LongBench v2: Towards Deeper Understanding and Reasoning on Realistic Long-context Multitasks

TL;DR

Introduces LongBench v2, a harder successor to LongBench v1, designed to require deep understanding and reasoning rather than surface retrieval.
503 challenging multiple-choice questions across 6 task categories, with contexts from 8K to 2M words.
Human experts achieve only 53.7% accuracy under a 15-minute time constraint — establishing a meaningful human baseline.
Best direct-answer model achieves only 50.1% accuracy — below the human baseline (as reported).
o1-preview (chain-of-thought reasoning + longer inference) achieves 57.7%, surpassing humans by 4% — highlighting the value of inference-time reasoning (as reported).
Published at ACL 2025; project at https://longbench2.github.io.

What’s novel / different

LongBench v1 (and most long-context benchmarks) can be solved by retrieving a short span from a long document. LongBench v2 is explicitly designed to require full-context reasoning: questions cannot be answered by retrieving a single passage. The MCQ format with human expert annotation and a timed human baseline makes it the most rigorously validated long-context benchmark at time of publication. The 2M-word upper bound also far exceeds HELMET’s 128K ceiling, pushing into the territory relevant to frontier models with million-token windows.

Mechanism overview

Problem / motivation

Existing long-context benchmarks are increasingly saturated or can be solved by retrieval alone. Models with large context windows may “pass” these tests without genuine long-context reasoning. A harder benchmark is needed that forces full-context synthesis and rewards inference-time reasoning.

Core approach

6 task categories: single-document QA, multi-document QA, long in-context learning, long-dialogue history understanding, code repository understanding, long structured data understanding.
503 MCQs: multiple-choice format eliminates metric noise (no F1/ROUGE; correct or not).
Human-sourced and validated: collected from ~100 highly-educated contributors with diverse professional backgrounds; both automated and manual review.
Contexts 8K–2M words: spans the full range of current frontier model context windows.
Timed human baseline: experts given 15 minutes per question to establish a realistic, not unlimited, human upper bound.

Key design decisions

MCQ format: removes metric ambiguity; enables clean accuracy comparison.
Difficulty by design: questions validated to be unsolvable by short-span retrieval.
Human expert ground truth: annotation by domain experts ensures question quality.
o1-style reasoning gap: the 7.6-point gap between direct models and o1-preview quantifies the value of extended reasoning on long-context tasks.

Evaluation (as reported)

Model / Setting	Accuracy	Notes
Human experts (15 min)	53.7%	Timed baseline (as reported)
Best direct-answer model	50.1%	Below human baseline (as reported)
o1-preview (chain-of-thought)	57.7%	+4% above human baseline (as reported)

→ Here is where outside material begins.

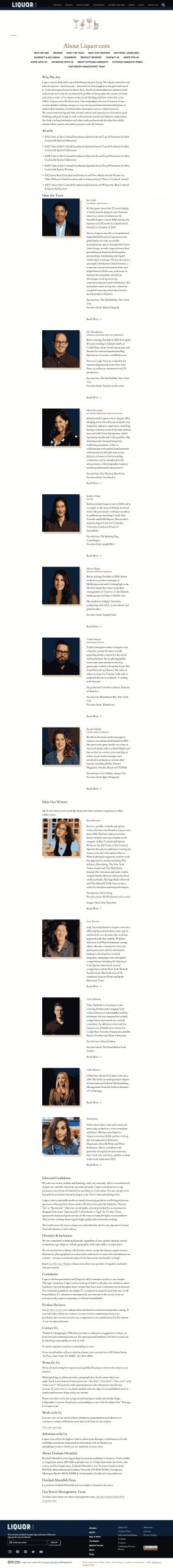 Liquor Website Design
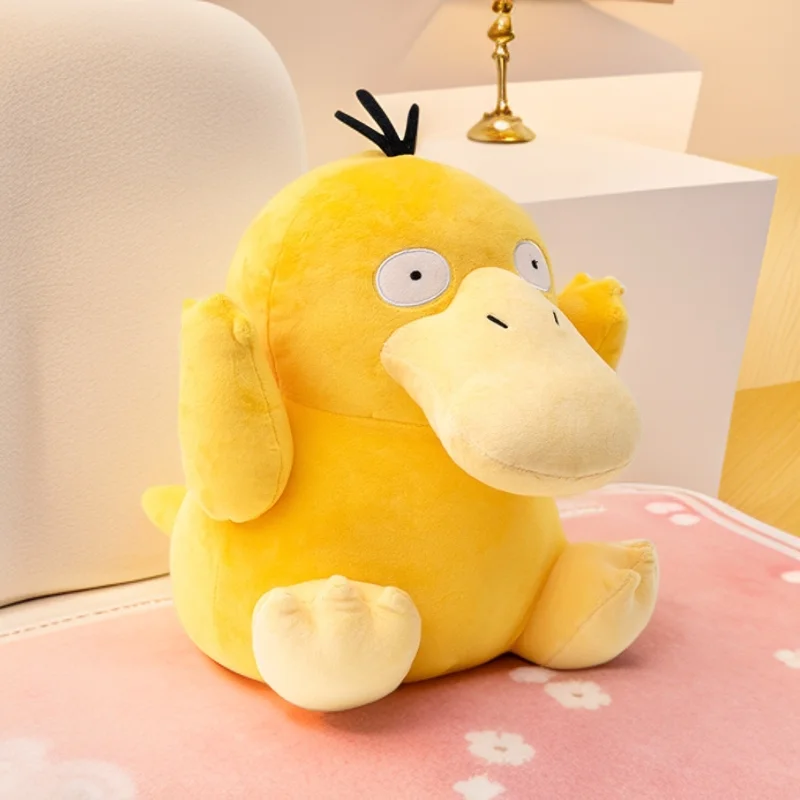 Alta qualidade 25-50cm pokemon psyduck amarelo pelúcia boneca macia rir pelúcia anime brinquedo de pelúcia boneca macia presente de aniversário para crianças meninas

Context range: 8K–2M words. Specific per-model, per-category breakdowns in paper tables.

Implementation details worth stealing

MCQ for long-context eval: eliminates metric noise from F1/ROUGE; adopt this format for internal evaluation of long-context tools.
Timed human baseline: a 15-minute cap on human annotation gives a realistic, not idealised, human upper bound — use this design for custom benchmarks.
Category: code repository understanding: this category is particularly relevant for coding agent evaluation; worth extracting for targeted use.
o1 gap as reasoning signal: the ~7.6% gap between direct and chain-of-thought answers is a reproducible signal for how much inference-time reasoning helps on long-context tasks.

Open questions / risks / missing details

503 questions is small: statistical power is limited; per-category breakdowns with ~80 questions each have wide confidence intervals.
MCQ format may not reflect all use cases: open-ended generation (summarization, code writing) is not covered.
2M-word contexts: very few models can currently handle 2M words; the upper end may not be practically testable for most teams.
Human baseline is timed: 53.7% under time pressure may understate human ceiling; untimed performance likely higher.
Benchmark contamination risk: as v2 becomes widely known, models may be fine-tuned on similar MCQ patterns.
Subset overlap with v1: not all v1 task types are represented; cross-version comparison is not straightforward.